In 1999, Ed and Sherry both joined BSB Design and helped open the firm's Orlando office, with Ed as a partner and Sherry wearing several hats including business administration, marketing, design, and graphics. In 2007, Sherry received her contractor's license and began taking on custom building and remodeling jobs, which also included affordable housing projects—a field of building that had long been important to the Binkley's and their occupant-focused approach to design.
It’s the same “responsive” approach that can be seen in their Whistling Winds home and 108 Fifth: homes designed for the activities and needs of the building’s specific inhabitants.
“The industrial farmhouse was a bit unplugged,” Ed admits, when discussing Whistling Winds. “We had exposed concrete, finished birch plywood floors, exposed interior and exterior block, exposed trusses and ductwork. To some, it may have seemed ‘unfinished,’ but for us it was an exercise in using off-the-shelf items in some unconventional ways, like using little drill grommets to hold a shelf and a cable together.”
In 2007, BSB participated in the National Association of Home Builders’ annual demonstration home, The New American Home (TNAH), for which Ed was the lead architect, and incorporated many of the same design principles he and Sherry had explored when creating Whistling Winds. “We would refer back to that house a lot during that process,” he says, for some of the finishes and some of the exposed materials.

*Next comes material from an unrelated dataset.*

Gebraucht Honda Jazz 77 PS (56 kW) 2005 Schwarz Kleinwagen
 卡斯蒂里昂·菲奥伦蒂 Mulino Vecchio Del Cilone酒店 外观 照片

Sherry credits the project with influencing design in the area. “I think it sparked quite a few projects,” she says. “We saw some in Laureate Park, which used our concept of exposed concrete-block columns.” Ed adds, “I had a connection with developers at Laureate Park [in Orlando’s Lake Nona development], who were building a community and asked me to help with its design review board guidelines. A lot of those guidelines incorporated design elements first explored at Whistling Winds.”
Ed was also the design architect for the Spanish-influenced 2005 TNAH as well as for the most recent 2022 TNAH, a Transitional Coastal Style home located in Laureat Park. He and Sherry continue working together both formally and informally—as is evident with their latest project in Tennessee, for which Ed was the architect and Sherry the co-builder.
The couple’s 108 Fifth project has proven to be a particularly challenging one, starting at pre-construction. “It was difficult to find a general contractor that could understand our designs and finishes,” Ed explains. “I’d provide little sketches and drawings so they could see how everything went together, and they would go and do something totally different.”
Ed and Sherry ultimately found a contractor in Brandon Mitchell, a builder with Mitchell Builders Group that “gets it.” But it wasn’t the end of their challenges. Construction has suffered from material shortages and price increases, limited labor availability, a harsh winter, and a persisting global pandemic. Still, the couple doesn’t stress about the process.
“You know, when you’re in the thick of it, you realize there’s really nothing anybody can do,” Ed says. “Everybody’s doing their best.” Adds Sherry, “And the silver lining is, it keeps you really engaged.”
This story has been updated since it first ran in Custom Builder's 2022 Spring print issue. Edits were made to correct errors regarding Ed and Sherry Binkley's personal timelines and work history. Thank you for your understanding.